Last week, I had the pleasure to be visiting Lajos Diosi in Budapest. We made some progress on the semi-classical gravity front and on the quantum feedback front which will probably materialize in the form of preprints in the not so distant future. It was a great but tiring trip: discussing physics non-stop, from dawn to dusk, is really mind wrecking.

Budapest

As an aside, I went from Munich to Budapest and back in bus (Flixbus) and it is a quite smart way to travel. Sure, it’s long, 8h30. But most of the time is productive. The bus had power outlets and excellent wifi and I thus managed to work, answer emails, watch movies. On my way to Budapest, I took the night option and slept almost all the way through, effectively teleporting myself instantly. It is also cheap and does not pollute much, so I would definitely recommend. In France, long distance bus lines have been authorized for only a few years which is why I have only realized this option existed recently. They were previously forbidden to provide SNCF with a monopoly. I think the argument was that a railway is essentially operated at fixed cost and, as a result, it may be optimal to nudge or even force people to use train to reach the point where the cost per passenger drops bellow that of all other means of transportation. This global optimum can be reached for fast lines (TGV) between Paris and big cities (France railway network is a star graph) but it is clearly impossible for two medium sized cities that are far from each other (say, Rennes and Toulouse). In that case, the railway monopoly was arguably harming the mobility of people. I think the situation is now closer to an optimum with two networks: a (mostly) star graph of fast TGV connections with Paris in its center, and a slower but fully connected graph of bus lines between medium sized cities.

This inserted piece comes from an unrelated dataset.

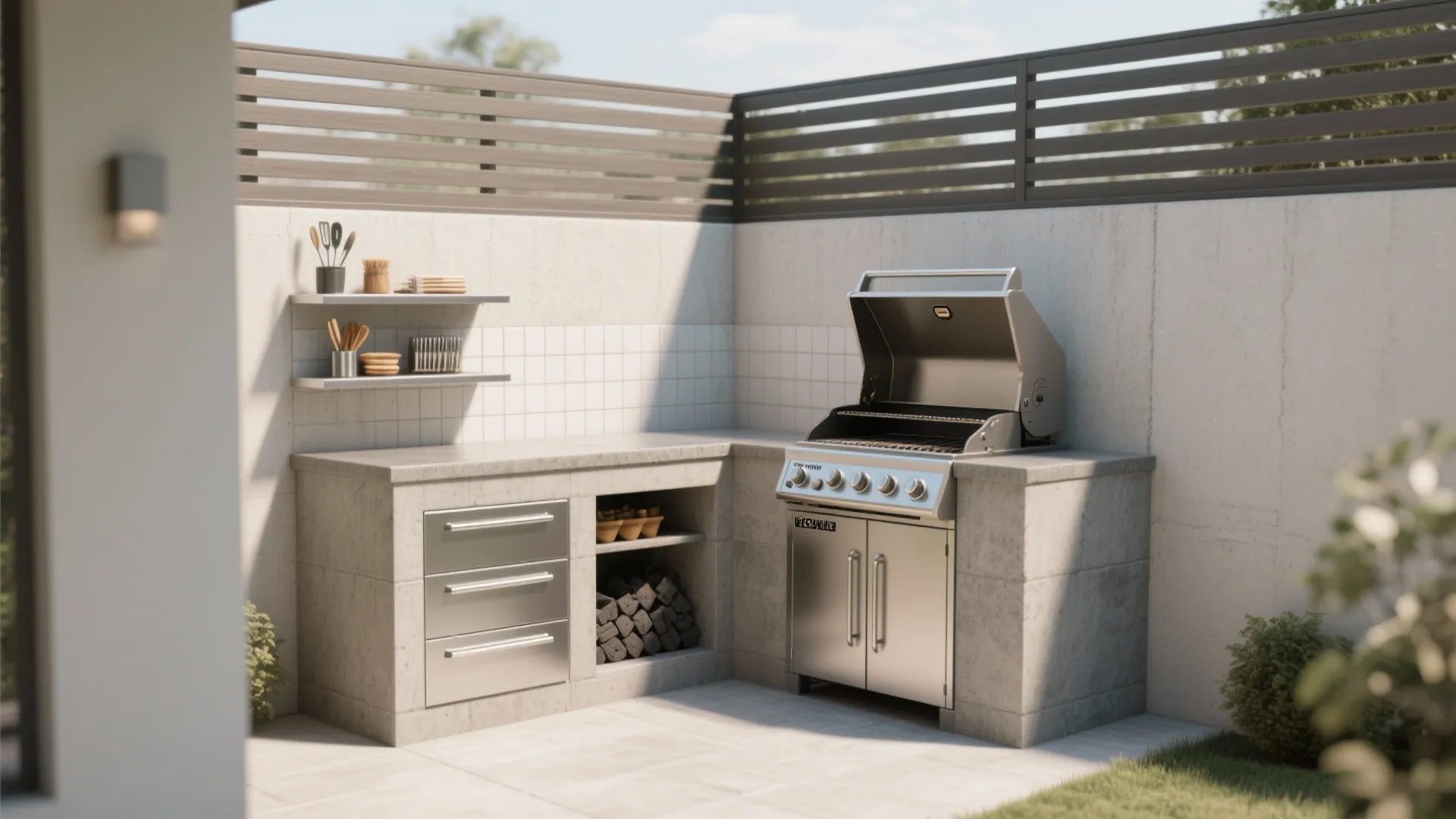 2. Corner grill nook with windbreak and storage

French train network and its trafic in 2007

Before going to Budapest, I spent two days in Paderborn, invited by Martin Kolb, a probabilist. He has been recently specializing in the study of one of the concepts of stochastic calculus I find the most subtle: the local time $L_t$. It is the time the Brownian motion $B_t$ spends at a given point (typically 0). Of course, it is defined appropriately, as a rescaled limit of the time spent $\varepsilon$ from 0 so that the result is not trivial. This is a concept I had been introduced to during my thesis when I was studying quantum spikes with Michel Bauer and Denis Bernard and I still find its properties quite counter-intuitive and sometimes mysterious ($t(L)$ is a Levy process, so weird stuff happens when switching from real time to local time). Martin showed me interesting results on Brownian motions conditioned through constraints on its local time. The corresponding paper is published in Annals of Probability (also on arxiv), and the reader interested in probability theory should have a look.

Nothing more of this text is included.